Don't write directly to a shared resource. Your gonna make the multi thread program perform worse than its single thread counter part. Trashing effect in Cache as Cache is fetched and invalidated in blocks. Do look at this talk if you want to know more. Use volatile and Synchronize its better than using nothing but still slow.

https://www.youtube.com/watch?v=VCattsfHR4o


I was about to add a Question with this topic. I made a test that force contention while accessing an array. Both controlling coordinated access or with a non-synchronized read-modify-write operation like index--.
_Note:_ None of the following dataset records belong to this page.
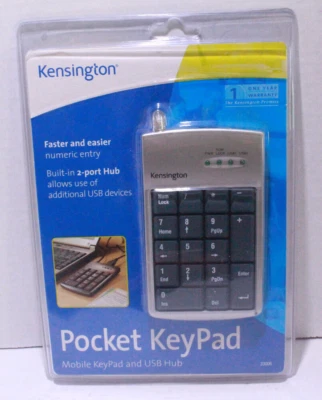 Kensington Pocket KeyPad w/ USB Ports Wired USB Number Pad 33006F New - Image 1 of 4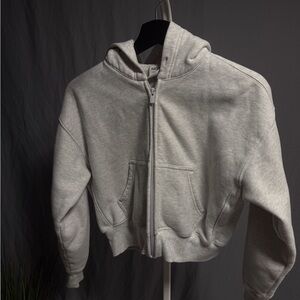 Aritzia Gray Zip-Up Hoodie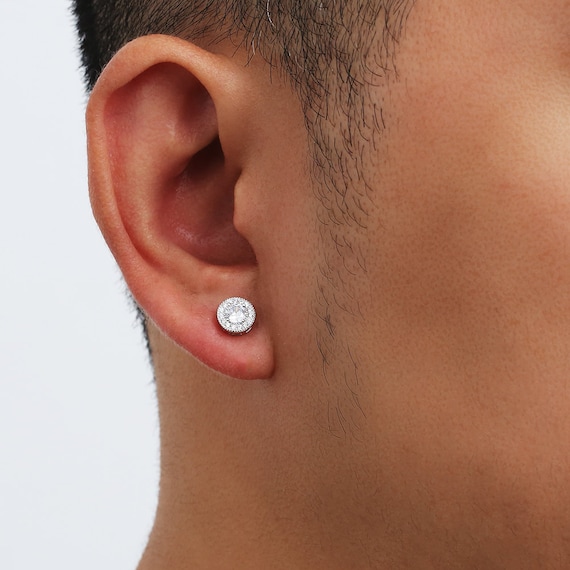Mens screw back diamond earrings deals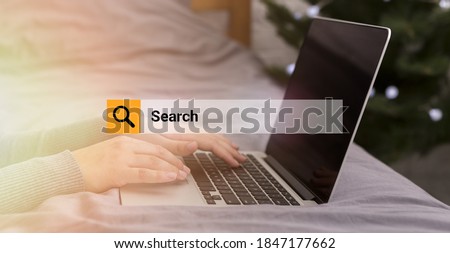 Internet Search Bar Over Shot Of Unrecognizable Woman Websurfing Using Laptop Computer Working Online Sitting At Home. Seo Optimization Concept. Collage With Searching Box. Panorama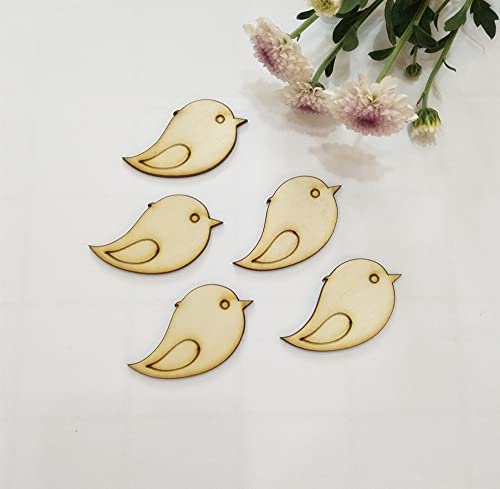 50pcs Mini Wooden Bird Shapes, DIY Wood Birds Blank for Art Projects Craft Decoration Gift Decoupage Ornament Craft Supply Unpainted (1'') XIAOYUE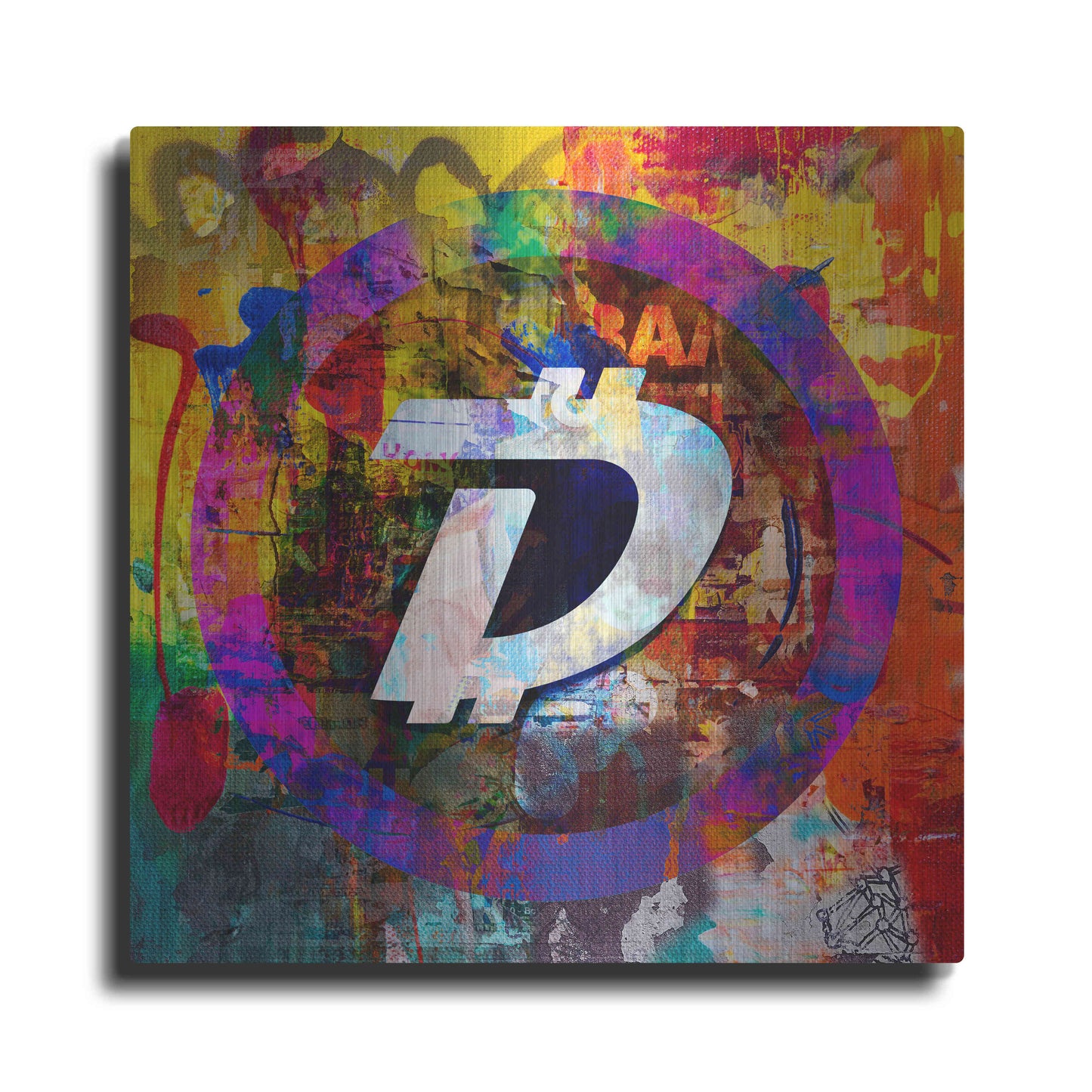 Luxe Metal Art 'Dgb Digibyte Crypto In Color' by Luxe Metal Art Portfolio, Metal Wall Art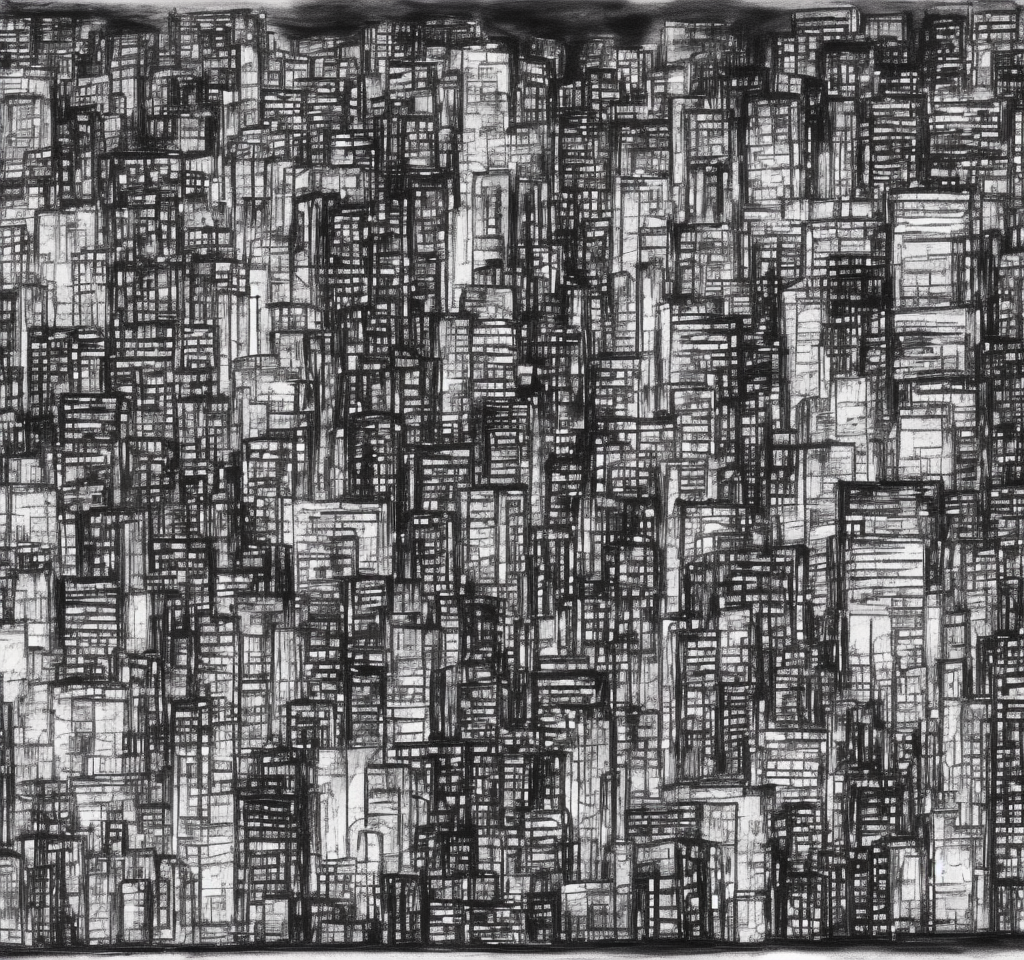 an abstract picture of a city at night, pixiv, lyrical abstraction, mixed media, cityscape, dynamic composition black and white pencil illustration high quality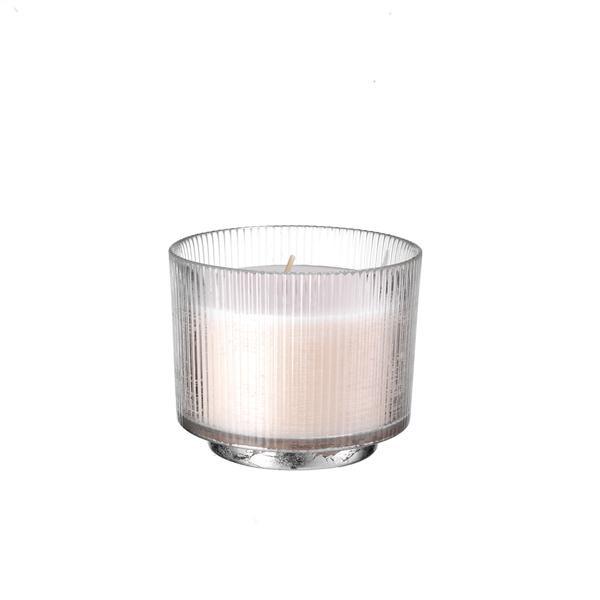 Candela con base foglia argento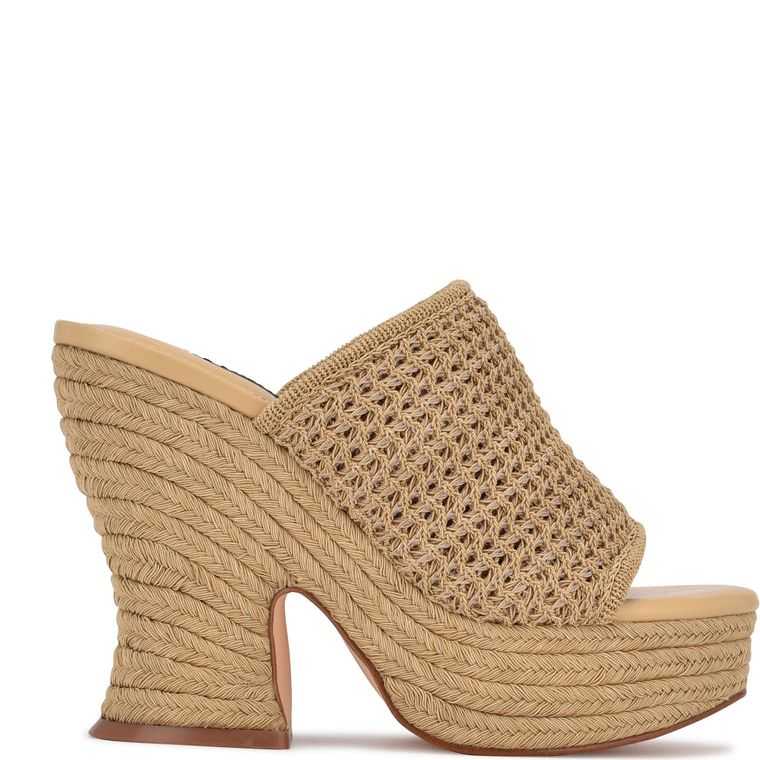 Nine West Fefee Plataforma Chanclas Sandals Beige | 3258-JMZPT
When using index-- some counters are > 1 (all should be 1, otherwise the mutual exclusion broke)

public class App {


static int threads = 1000;
static int maxIndex = 1000;

public static void main(String[] args)
{
    try {
        testThreads();
    } catch (InterruptedException ex) {
        Logger.getLogger(App.class.getName()).log(Level.SEVERE, null, ex);
    }
    return;

}

public static void testThreads() throws InterruptedException {

    AtomicInteger[] ids = new AtomicInteger[maxIndex];
    for (int i = 0; i < maxIndex; i++) {
        ids[i] = new AtomicInteger(0);  
    }
    Executor exec = Executors.newFixedThreadPool(threads);
    AtomicInteger index = new AtomicInteger(maxIndex);
    final CountDownLatch startGate = new CountDownLatch(1);
    final CountDownLatch endGate = new CountDownLatch(threads);

    for (int i = 0; i < threads; i++) {
        exec.execute(new Runnable() {

            @Override
            public void run() {
                try {
                    startGate.await();
                    try {
                        int i = maxIndex;
                        while (i > 0) {
                            /** 
                             * Interchanging this lines force or avoid collisions. 
                             */
                         // i = --maxIndex;
                            i = index.decrementAndGet();
                            ids[i].incrementAndGet(); 
                        }
                    } catch(Exception ignored) {
                        System.out.println(ignored);
                    } finally {
                        endGate.countDown();
                    }
                } catch (InterruptedException ignored) {
                }
            }
        });
    }
    startGate.countDown();
    endGate.await();
    System.out.println(new ArrayList(Arrays.asList(ids)));
}
}


In general, yes. Try Vector instead.